Deep Genre: Taking the Thriller Beyond Cheap Thrills—Author Barbara Kyle

Last week author and story coach Barbara Kyle sent me a supportive email about my novel, Eating Bull, and the uphill publishing battle it’s faced given the controversial subject matter (obesity and the food industry’s role in it). She mentioned she’d written an article on “Deep Genre”: thrillers that dive into complex themes. Since that concept is right up Eating Bull’s alley, it made for a perfect—and rare—guest post for my blog. Take it away, Barbara…

Mikhail Petgrave

Deep Genre: Taking the Thriller Beyond Cheap Thrills

by Barbara Kyle

It’s often said that a good thriller is like a roller coaster ride. That’s true enough. The genre is about high stakes, countdowns, and suspense, and every good thriller delivers this kind of excitement. But the best thrillers deliver more – an exciting story that also explores complex themes. This kind of story has something important to say about our world. It takes the reader away from the amusement park and sends them on a voyage – an exhilarating journey into a different way of thinking.

Call it Deep Genre.

I believe that popular fiction delivers the best way to truly understand crucial issues of our time, because we see those issues brought to life by characters we care deeply about, characters thrown into terrible dilemmas where they are forced to take risks and make choices. Characters who illuminate the gripping question we readers end up asking ourselves: If I were in that situation, what would I do? That’s the job of Deep Genre.
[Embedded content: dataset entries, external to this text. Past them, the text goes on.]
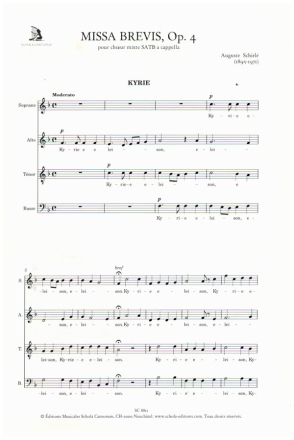 Missa Brevis op.4 pour choeur mixte a cappella partition (la)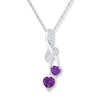 Thumbnail Image 1 of Amethyst Heart Necklace 1/20 ct tw Diamonds 10K White Gold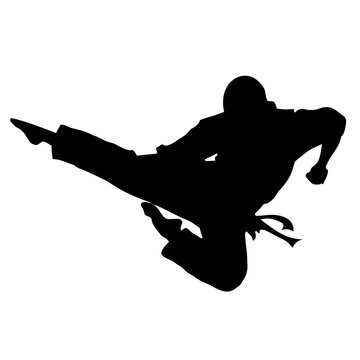 Silhouette of a taekwondo athlete performing the Twieo Ap Chagi kick or flying kick on a transparent background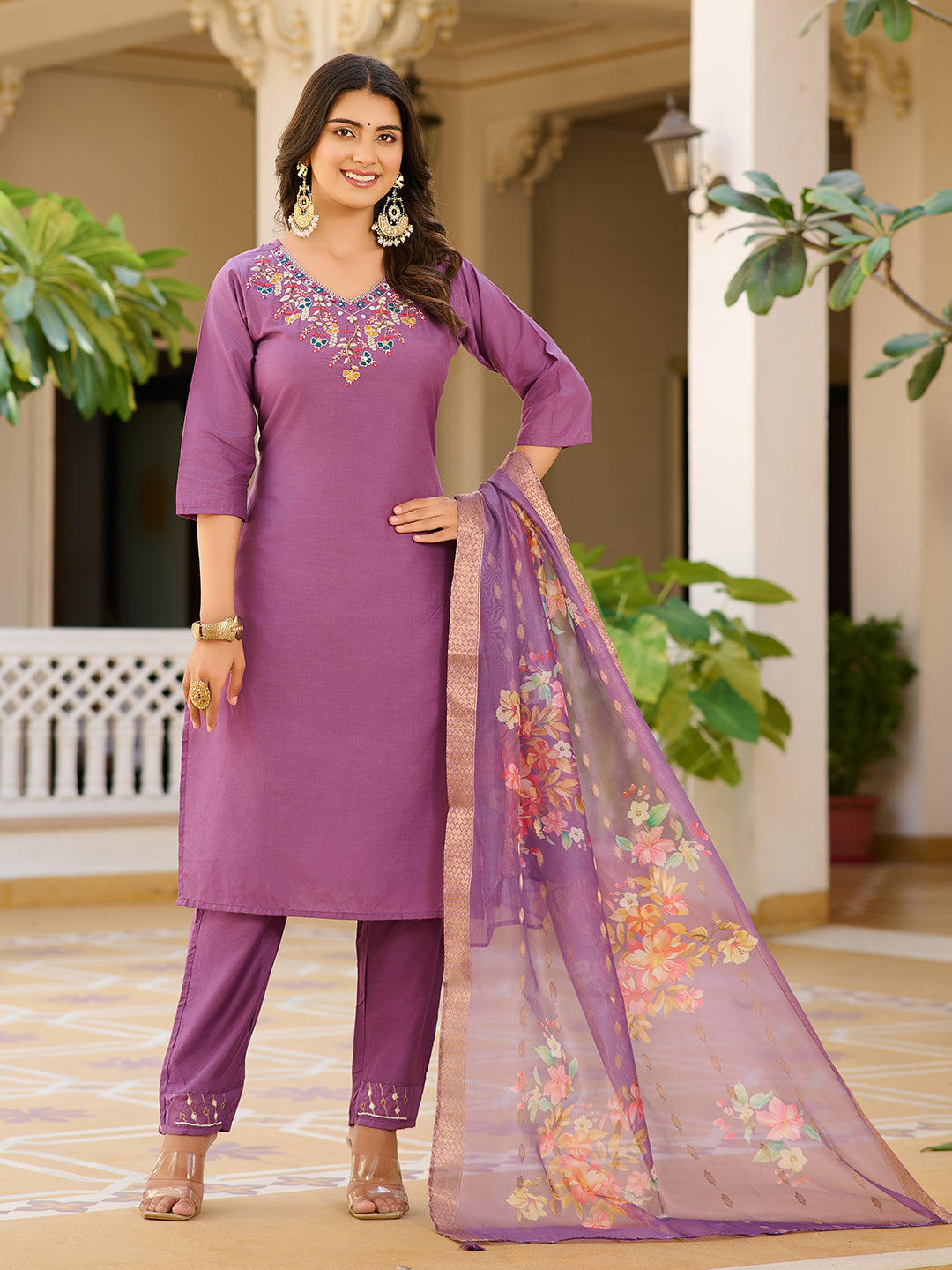 Beauteous Lavender Shimmer Heavy Handwork Kurta Suit Set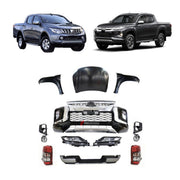 CONVERSION UPGRADE FACELIFT OLD TO NEW BODY KIT for MITSUBISHI TRITON 2 II L200 2015 - 2018 to TRITON 3 III
Set includes:

Front Bumper Assembly
Headlights
Hood Bonnet
Front Fenders
Taillights
Rear Bumper
Material: Plastic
We’re all familiar with the conventions of the genre as a roller coaster ride: the life-and-death stakes; the antagonist making the stakes personal for the hero; the hero at the mercy of the villain, then turning the tables and coming out on top; the false ending. But readers want their expectations reversed. In Deep Genre the author leads the reader into thinking they understand the characters, then the story splits that “comfort zone” open and gives them an insight they never saw coming. “Insight” literally means seeing the truth through and under the surface of things. It’s the novelist’s job to crack open not only readers’ expectations, but also their received wisdom, their acceptance of society’s status quo.

Woody Allen was once asked: Is sex dirty? His answer was: Yes, if you’re doing it right. Is Deep Genre subversive? I say: Yes, if the author is doing it right. Deep Genre is always about fighting Power.

Charles Dickens knew this when he wrote his immensely popular novels to hold a mirror up to the horrors that working class people suffered under unfettered capitalism in nineteenth century London. In our time, bestselling author John Grisham has often done the same with thrillers about the “little guy” finally beating some form of corporate bully. In his The Rainmaker it’s the powerful insurance industry, and in The Street Lawyer it’s mega-developers who force homeless people to their death. Like Dickens, Grisham uses the thriller genre – Deep Genre – to say what needs to be said.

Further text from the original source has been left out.